After a year or more of occasionally glancing sideways at it, I finally decided to take a look at twitter. Most of my brain is telling me that there's no net value there, and that the signal to noise ratio is never going to make it anything other than a monumental waste of time - especially for someone who can't even keep up with his RSS feeds. A part of me, however, thinks otherwise.

A word of warning to people-people - the following is written by an introvert (an INTP in fact) and as such, will probably read as fairly cold and unfeeling, perhaps even rude and elitist. This is not the intent, but purely a side-effect of an analytical approach to looking at social networking. I love my friends, but since this is about communication not relations, the warm and fuzzy parts of the issue are ignored to give a clearer view of the problem. Yeah, it's probably creepy that we can turn it on and off, you should watch Dexter as a prime example of the extreme :-)

As an introvert, I find social noise highly disruptive and energy-sapping. A room full of talking people is a resource drain, while for an extrovert the same situation would be energising and invigorating. This is why part of me doesn't want anything to do with twitter - it's scared that it will be full of extroverts gushing about how their dog just ate dinner, or little Timmy just said his 94th word or similarly banal stuff that, as a geek, holds zero value. This is the sort of pattern you see on facebook and myspace already, so it's not an unreasonable assumption that twitter could be the same, perhaps even more so since it seems geared toward the most casual of chatter.

Perhaps I am looking for something more business-like than Facebook. You'd think the logical response to that would be Linked-In. But linked-in is in my experience little more than a glorified addressbook. It works reasonably well as a way to keep up to date with the contact details of past colleagues and may work reasonably well at getting in touch with 'vouchable' resources but it does little to encourage ongoing discussion or contact. I think this has a lot to do with linked-in being very formal in its feel.
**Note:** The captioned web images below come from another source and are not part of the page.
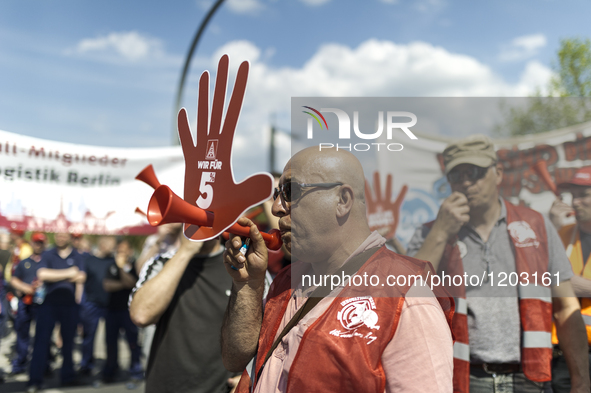 Employees of the Dailmer have gathered for a warning strike rally in front of the entrance to the company's plant in Berlin, Germany, 11 May...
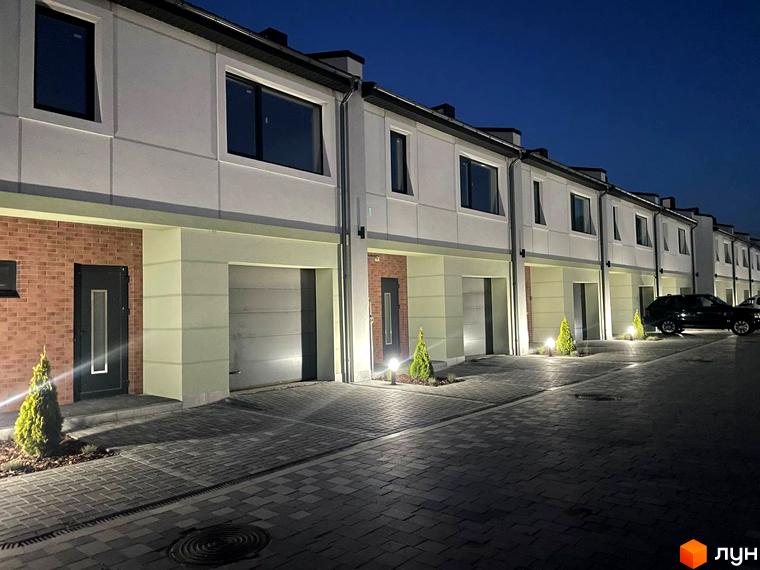 Таунхауси „Садовий Клуб“ зі світлими фасадами, великими вікнами та гаражами. Прибудинкова територія з бруківкою та освітленням.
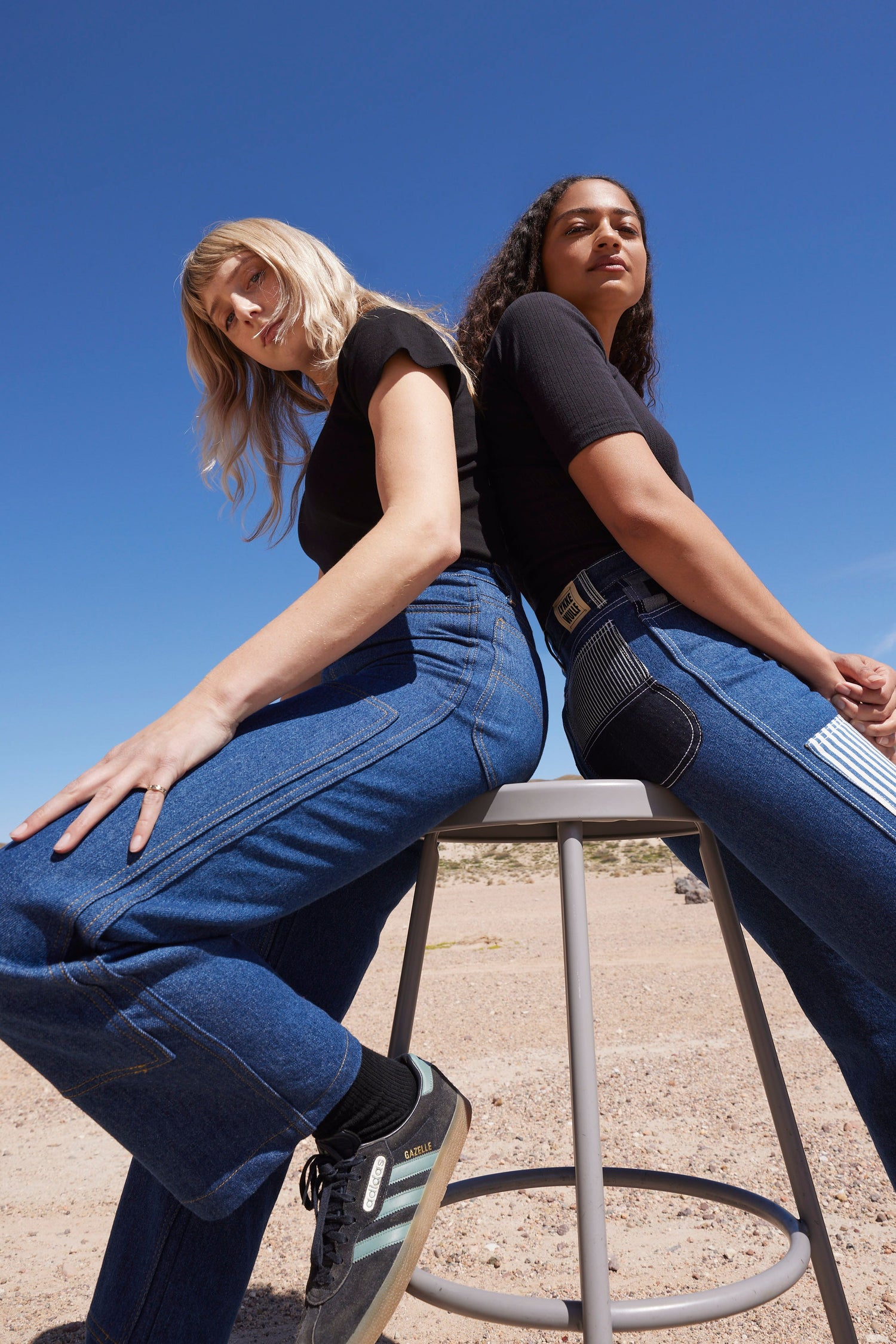 two friends sit on a stool outside wearing matching black t-shirts and classic indigo workwear jeans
The requirement that you have an established relationship with someone before contacting them (or having a mutual contact) means that you are not going to necessarily feel comfortable just blurting out random discoveries or questions, as most of the people on your list are going to be people in disparate fields of expertise - great if you have a HR question or want advice from a Patent Lawyer, but not necessarily so good for a tricky Python issue unless all your colleagues are programmers. Being fairly business-like, linked-in takes care of the very serious side of social networking, but not a day-to-day gathering of like minds.

I think twitter can be different. I think twitter in a way gives you social permission to listen only to those worth listening to. Something like myspace or facebook seems to come with a social obligation to acknowledge everyone you know - if you are aware of someones existence and they send you a friend invite, you are somehow compelled to accept it regardless of how interested (day to day) you might be in that person's life. Generally, the people in facebook who send the most status updates are those whose status updates you are the least interested in. In a way, it treats all friends as equal.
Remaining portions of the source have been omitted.